Context Fragmentation Your codebase outgrew one AI's context window three sprints ago. No single agent holds the whole picture anymore. Ownership became informal. Then guesswork. Now you've got ten different interpretations of your system architecture living in parallel branches, all technically "approved" because nobody could review them coherently.
The Recognition Phase
Over five months in early 2026, this problem landed simultaneously under six different names:
- Intent debt (Storey, Canada Research Chair)
- Cognitive debt (MIT Media Lab)
- Paradox of supervision (Anthropic)
- Scaffolding fragility (viral on HN)
- Comprehension debt (O'Reilly)
- AI slop (Baltes et al.)
Everyone saw the same wound. None of them shipped a solution.
Until contract-driven development emerged.
Contract > Spec
Spec-driven development was progress. You write what you want, the system generates it, everyone ships. Spec-driven caught the low-hanging fruit.
But specs decay silently. They live in your wiki. They get outdated. Nobody knows if the code still matches the spec because there's no continuous binding between them.
Contract-driven flips the model.
Instead of code being judged against a spec, code is generated and evaluated against a living contract—a multi-layered structure that captures:
- Intent: What the system is for (owned and approved by you)
- Product & UX: What the user experiences (generated from intent, you decide the approval gate)
- System: How it's architected (generated from intent and product, you decide the approval gate)
Each layer is hashed. Each layer is traceable. When drift is detected—and it will be—you have:
- Detection: Every approved item fingerprinted; drift surfaces automatically on the next pass
- Reconciliation: A defined remediation path, not a guessing game
- Re-evaluation: Code re-judged against the contract, not approved in isolation
Flexibility Meets Rigor
VibeLoom (and contract-driven systems generally) work in five modes, depending on your project maturity:
Vibe — Prototype speed. One approval gate (intent). Everything else auto-advances. Ship fast, learn fast.
Product-led — You own intent and product. System auto-advances. Good for design-forward teams.
Tech-led — You own intent and system. Product auto-advances. Good for infrastructure-heavy projects.
Design-led — You own intent and UX. Mockups can drive product spec. Good for user-centric shops.
Expert — Every layer explicit. Nothing auto-advances. Zero trust. Good for regulated industries or mission-critical systems.

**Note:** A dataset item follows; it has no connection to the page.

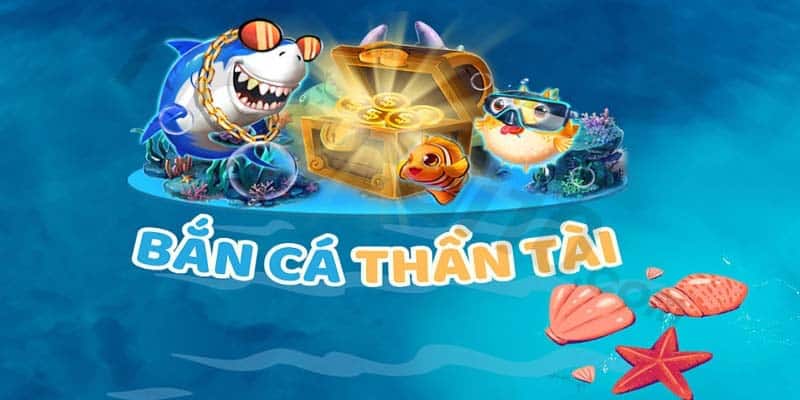 Hướng dẫn cách chơi về bắn cá thần tài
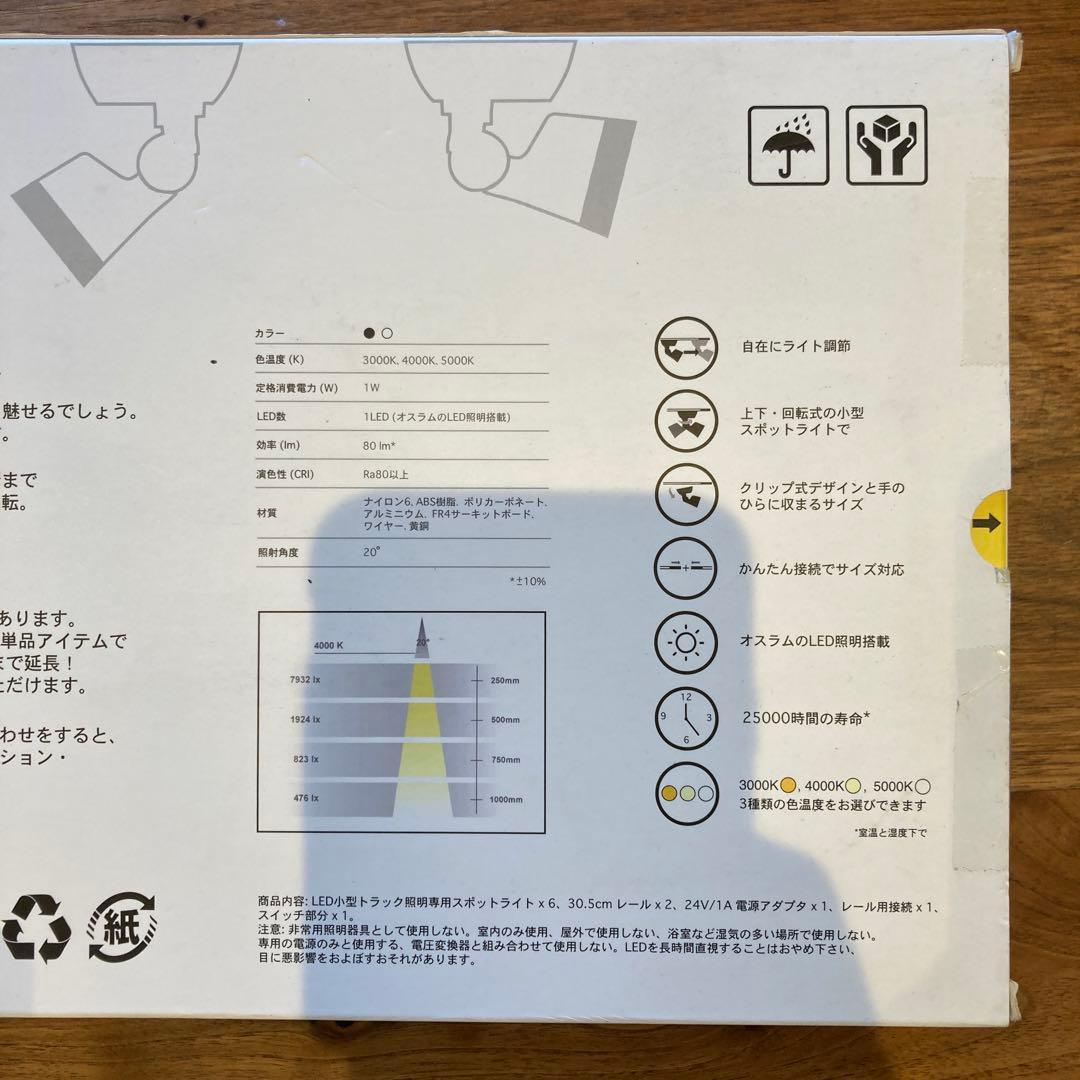 HOBBY Light ミニチュアトラックライトキット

You don't need all five modes from day one. Start in vibe. Upgrade when your codebase earns the ceremony.
Why This Matters Now
Dark factory development is coming. Entire systems will be written by agents with minimal human intervention. The question isn't whether to use AI for code generation—it's whether you'll have visibility and control when it does.
Spec-driven work captures intent. Contract-driven work preserves it.

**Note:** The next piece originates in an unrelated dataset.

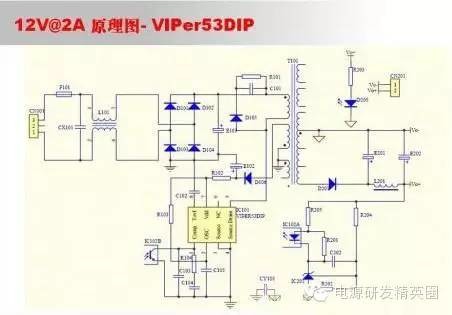 资深工程师教你如何一步步设计开关电源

That difference compounds. With the model curve accelerating, a system that gets tighter and more coherent over time (contract-driven) beats one that silently accumulates debt (spec-driven) by multiple orders of magnitude.

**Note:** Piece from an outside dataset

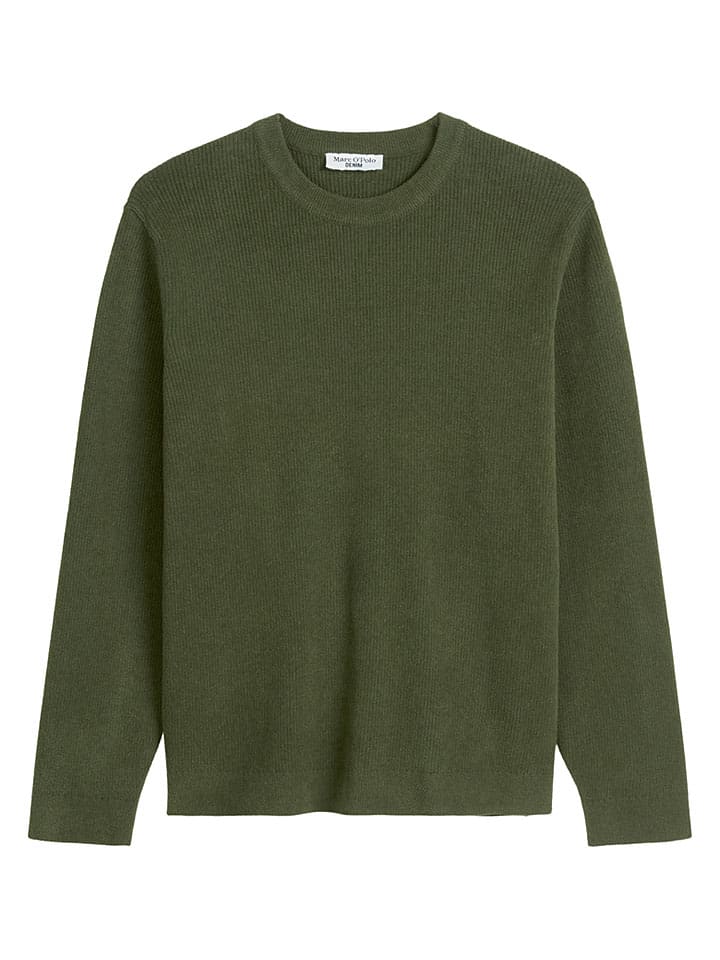 Svetr Marc O'Polo DENIM Grün 1041569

The codebase that knows what it's supposed to be, can detect when it drifts, and has a defined path to reconciliation—that's the codebase that scales with AI, not against it.
The Take-Away
If you're shipping AI-generated code into production, ask yourself:
- Can I trace why this decision was made?
- Would I know if my code drifted from intent?
- Do I have a procedure for fixing it if it did?
If the answer to any is "not really," you need a contract layer. Not tomorrow. Now.
Want to explore this further? VibeLoom is open-source and works with Claude Code and Python 3.10+. No runtime dependencies. MIT licensed. The code is available for teams ready to move beyond spec-driven development.
The velocity gains from AI are real. Keeping those gains coherent is the next frontier.